今、世界中で、1%の富裕層と99%の貧困層との間の政治的対立が顕在化している。米国のトランプ大統領誕生やバーニー・サンダース民主党大統領候補の善戦健闘もそう。英国のEU離脱。フランスのルペンの躍進。極左候補の健闘。ドイツの極右の躍進。イタリアもそう。世界中で新自由主義的経済思想の支配に対する叛乱が顕在化している。それが、左右勢力の極端化になっているのも共通している。

この世界情勢を俯瞰すると、現在の世界は、20世紀を主導した資本主義がその正統性を根底から疑われ始めているが、いまだ、21世紀を支配する新たな価値観が生まれておらず、価値観の『カオス』情況である。

過去の歴史は、結果として、『戦争』がこのような『カオス』情況を打破するきっかけになっている事を教えている。これが、今、世界中がきな臭くなっている根本原因である。

問題は、過去二回の世界大戦と異なり、今度の世界大戦は、人類の滅亡をもたらす可能性が大だという事実だ。大国間の『戦争』は、人類滅亡の引き金を引きかねない。だからこそ、歴史上、大国の指導者の叡智と忍耐と人類に対する責任感が現在ほど問われている時代はない。
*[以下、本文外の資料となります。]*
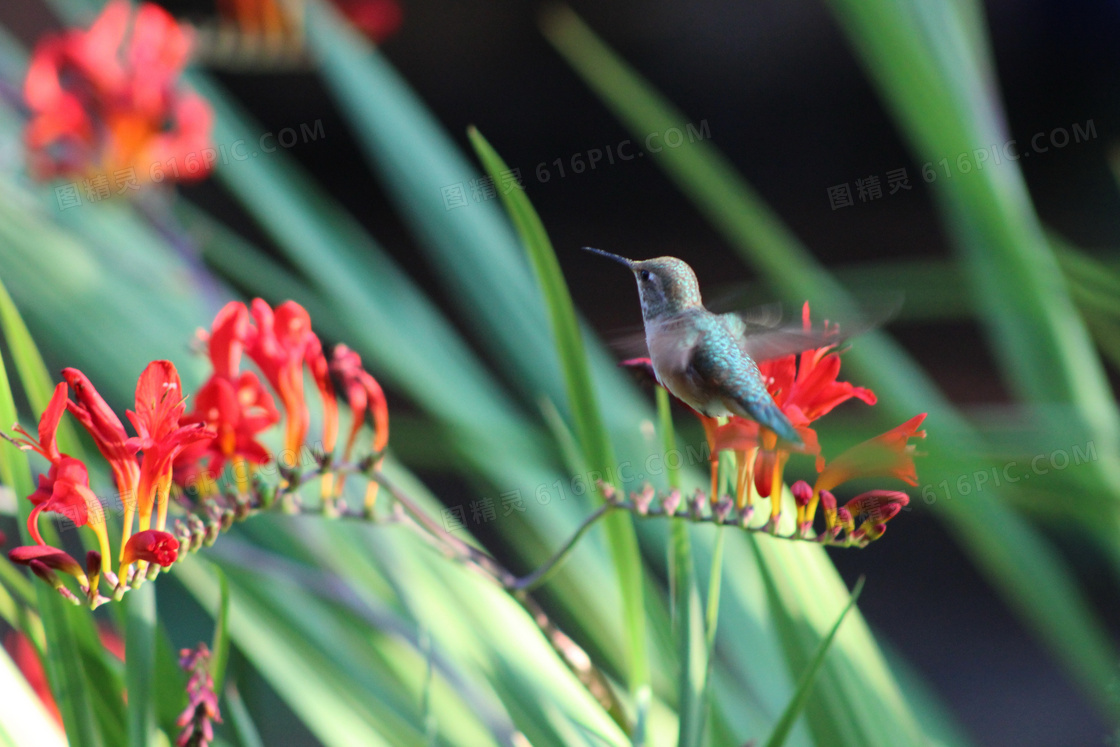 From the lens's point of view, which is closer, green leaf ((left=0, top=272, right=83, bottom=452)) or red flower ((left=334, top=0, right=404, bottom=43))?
green leaf ((left=0, top=272, right=83, bottom=452))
われわれは、他国の指導者は選べないが、自国の指導者は選択できる。21世紀を主導する新しい『価値観』を創造できる叡智と知性に溢れ、決断力と勇気を備えた指導者を選択しなければならない。

われわれ日本人は、安倍総理がこのような指導者にふさわしいか、どうか、真剣に考え抜く時が訪れている事を自覚しなければならない。